By Krist Novoselić May 26, 2015
The United States Open Source (OSP) party is in the process of developing our bylaws and other infrastructure. We are considering existing social networking tools for a collaborative interface with our public democratic process. I want to alert you to such a platform that has a lot of potential. NewGov is interesting as it asks users to pay a onetime nominal fee. This credit card transaction serves to place the user with respect to their political location. For example, by entering my zip code, the NewGov software places me in my State, US House district, state legislative districts, county etc.. What this does is to connect me with other residents of my various political jurisdictions.
This is important as we start to form the Open Source Party. As I wrote in my last post, the political system in the United States is decentralized. The federal OSP is basically an umbrella for local groups to become active in. NewGov could be a good organizing tool if we can figure out how to maximize it. What do you think?
Below is an editorial I wrote for NewGov about a year ago. I am posting it again as I believe the information is salient with what we are trying to do with the OSP.
It seems like most people on the Left are obsessed with 2010’s Citizen United v. F.E.C. court ruling. The term “Citizens United” has become synonymous with all that is perceived as wrong with our political system. Ubiquitous in Lefty media rhetoric, the lore of “Citizens United” is that corporations were turned into people and that these new creatures, like a zombie apocalypse, will ravage the political landscape until “Citizens United” is overturned. I argue there is no need to overturn the ruling to restore balance to our politics. We must instead look past the rumor and gossip to see the solution is in citizens united.
Heather Gerken writes a compelling perspective in the Marquette Lawyer (Summer 2014) regarding the infamous 2010 court ruling. I recommend reading her rational take on the reality of the ruling. She is keen on the popular story line regarding Citizens United and refers to some of the narrative as “utter nonsense” (p. 11). Gerken, as a lawyer and scholar, then describes how the political “dark money” system worked before and after the ruling; how simple semantics in political advertising changed and how the Court narrowed the definition of corruption and as a result of this redefinition, Congress will now have a harder time justifying campaign finance laws.
I agree with most people that our political system is out of balance. There is too much influence by the usual insiders, namely — corporations, unions and the wealthy individuals who can afford to spend millions on political advertising. Gerken looks for solutions to this imbalance that are not the usual call for repealing Citizens United or some kind of constitutional amendment. She zeros in on what I believe is the key — CITIZENS UNITING!
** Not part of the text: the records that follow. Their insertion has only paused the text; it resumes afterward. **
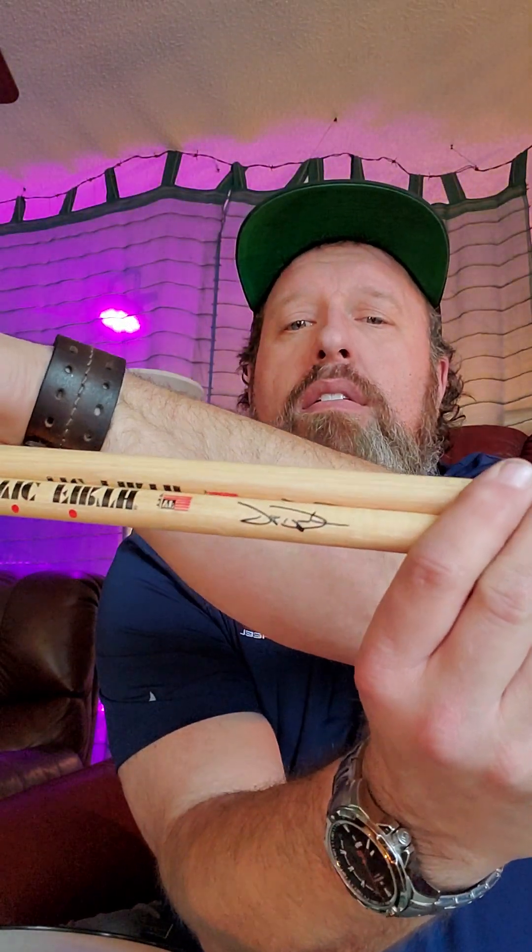Let's check out these Vic Firths. This is a signature stick — his name is John. That's all I can tell you, I can't read the last name. Maybe somebody out there could comment and let us know who this is — John somebody. Anyway, they're a little shorter stick, rounded out nicely. Some nice tips. Just a good looking stick. Feels like it's got a little weight.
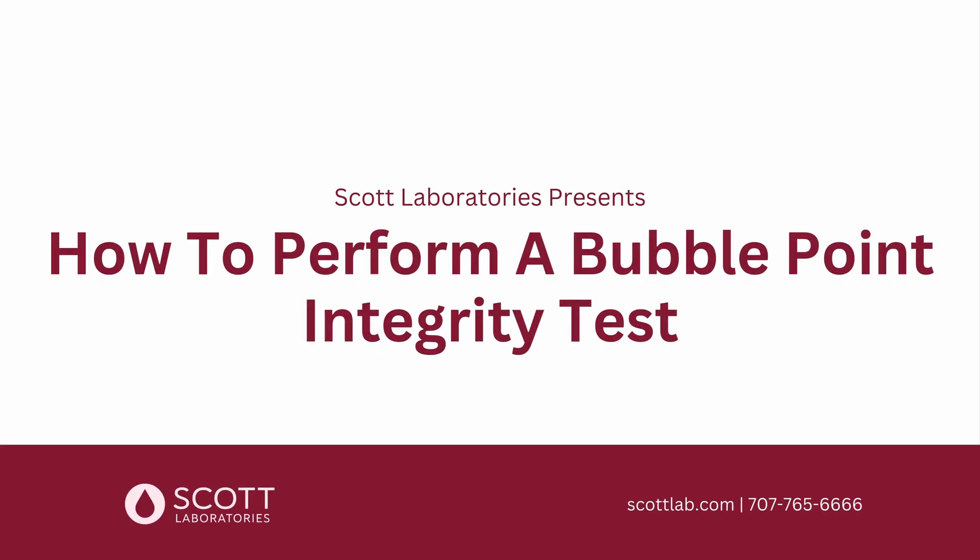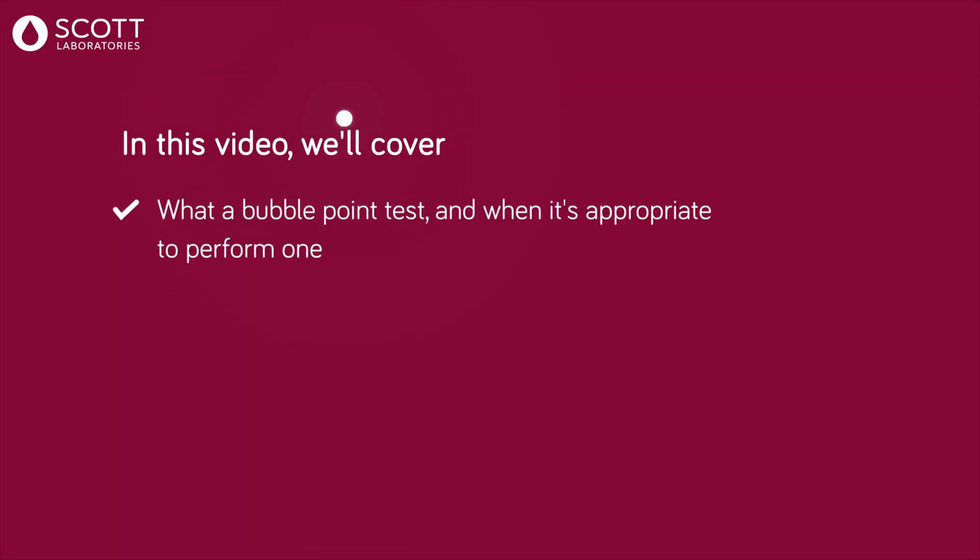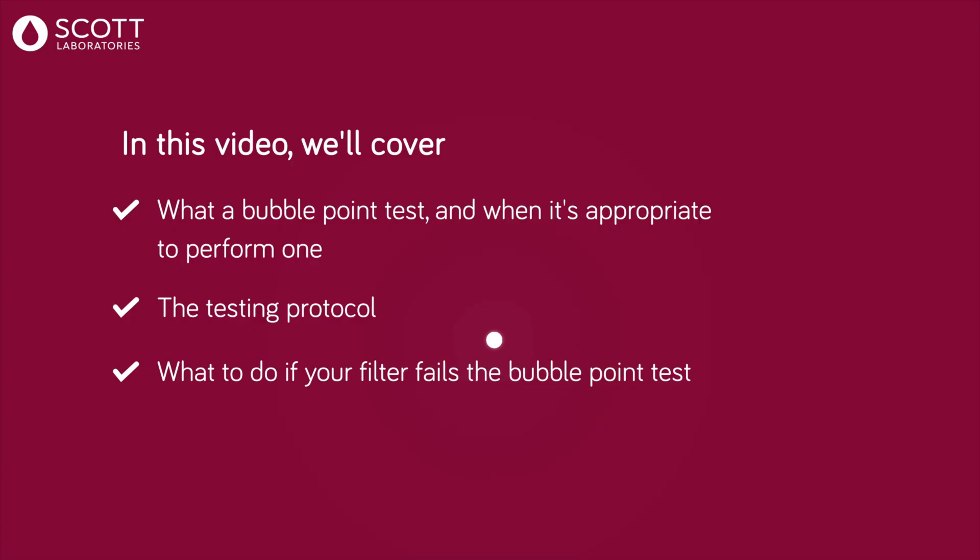How to perform a bubble point integrity test with Scott Laboratories. In this video, we'll cover what a bubble point test is and when it's appropriate to perform one, the testing protocol, and what to do if your filter fails the bubble point test.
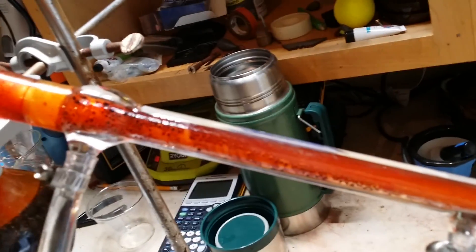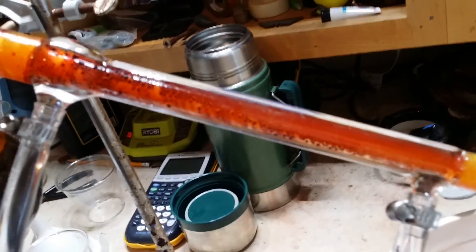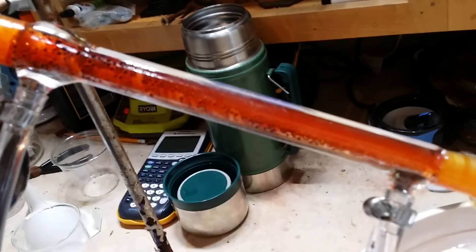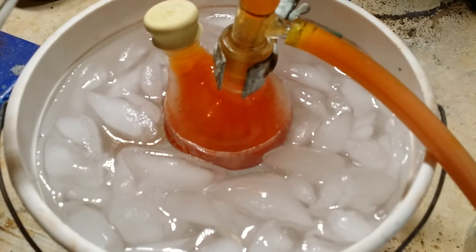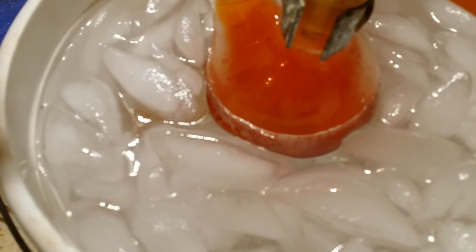I estimate you'll get about 10 to 12 milliliters of bromine each time you do this. You may scale this up and down as you please. There's a bit of liquid bromine in the bottom of the collection flask — there's a lot of vapor in there so it's hard to see, but if I move the ice water a bit, you can definitely see the liquid in there.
Gerken offers a conclusion to her piece that hits the nail right on the head. She sees political association as the way to bring balance back to the system. She is pinning her hopes on the party faithful. We can only hope that one day the party faithful will break away from their leaders who oversea what are in reality soft-money conduits around individual campaign contribution limits. Gerken hopes that the party faithful will keep their party accountable. She says,
“They [party faithful] serve as a bridge between the elites and the voter, between the party and the people. They provide an institutional check on the bargains that elites can strike, some brake on how many principles will get compromised along the way. Party faithful are often political realists. They understand that compromise needs to be made. But they also believe in something—that’s why they are the party faithful (p. 25).”
Even if the party faithful ever manage to hold the major parties accountable, there are a lot of institutional hurdles. Most states regulate parties by monopolizing nominations. My state of Washington has statutes that organize major parties in a way that make the Democratic Party and GOP “state parties”.
The worst is that many people hold parties in low esteem in the United States. Considering the current political and economic stratification, why do people frown on groups of common people coming together to amplify their voice? How unfortunate, and actually terrible, that the term “citizens united” is such a negative. Think about it!
This anti-party attitude is a big issue that really flies under the radar. Of course, considering the commotion over the Citizens United ruling, Obama’s birth certificate and other modern day political lore, these distractions make it is easy for many to overlook issues that are right under our noses. Many disparage parties, but folk’s associating is not the same as the “shadow parties” that are currently dominating. Gerken sees this and is worried that power has been driven away from parties as groups of common people. Instead, power is in the hands of the shadow parties (p. 25). In other words, the balance is tilted towards the political insiders with their dark money campaigns.
Don’t hold your breath waiting for a constitutional amendment with campaign financing or corporate personhood. And forget about laws regarding reform anytime soon. Instead, let’s get to associating. This is why I am at NewGov — I want to be part of something that supports candidates who don’t buy the hype either. I want to be part of a group that seeks to restore balance to our system by way of technology. Are you in?